Quando l’Unione Sovietica crollò, i miei nonni erano già in pensione. Durante la notte, hanno perso i risparmi di una vita, come hanno fatto molti cittadini sovietici. Quando l’opportunità di trasferirsi negli Stati Uniti., per seguire i loro figli, si presentò, non ci pensarono due volte.

Ora in Minnesota, i miei nonni guardano una varietà di canali televisivi in lingua russa, tutti controllati dal Cremlino. Sorprendentemente, Zina non è così suscettibile alla propaganda russa come mio nonno. Pensa che Vladimir Putin sia un grande leader e approva le sue politiche, guardando la Russia scivolare di nuovo in, a volte, familiari, modi sovietici.

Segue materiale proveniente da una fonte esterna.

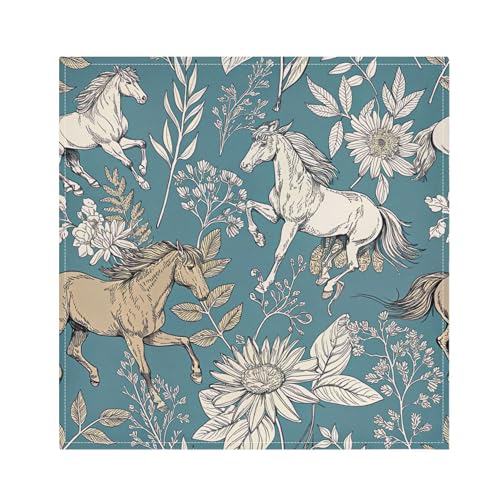 Servilletas de Tela Burbuja Running Horses Pack de 4 miniatura 1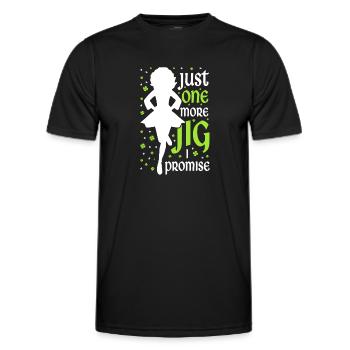 Danse irlandaise Danse irlandaise - T-shirt sport Homme - noir - Devant - AI Model Male 178 dark (178cm)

Non idealizza l’URSS, ma come ex ufficiale militare condivide molte opinioni trasmesse dai media in lingua russa.

Oggi i social media in lingua russa sono pieni di nostalgia per l’URSS. Ci sono presentazioni con bambini mal vestiti che scivolano giù per le colline ghiacciate, immagini di pacchetti di kefir e distributori automatici di bevande analcoliche sovietiche antigieniche, tutti romanzati e presi fuori contesto. Le persone commentano con affetto il passato, perdendo i loro anni più giovani.

L’URSS era la casa della mia unica infanzia, ora illusoria. Non solo perché quei giorni si sono verificati decenni fa, ma perché il paese stesso non esiste più. È un passato-una casa-che può essere facilmente idealizzato, ripulito da tutto ciò che è negativo e infuso di nostalgia. È normale amare la tua infanzia e conservare bei ricordi dei tuoi anni più giovani, ricordandoli come contenti, senza nuvole e spensierati. Ma è stata un’esistenza triste e miserabile, non importa come possa sembrare ora ad alcuni ex sovietici, attraverso il prisma sfocato degli anni.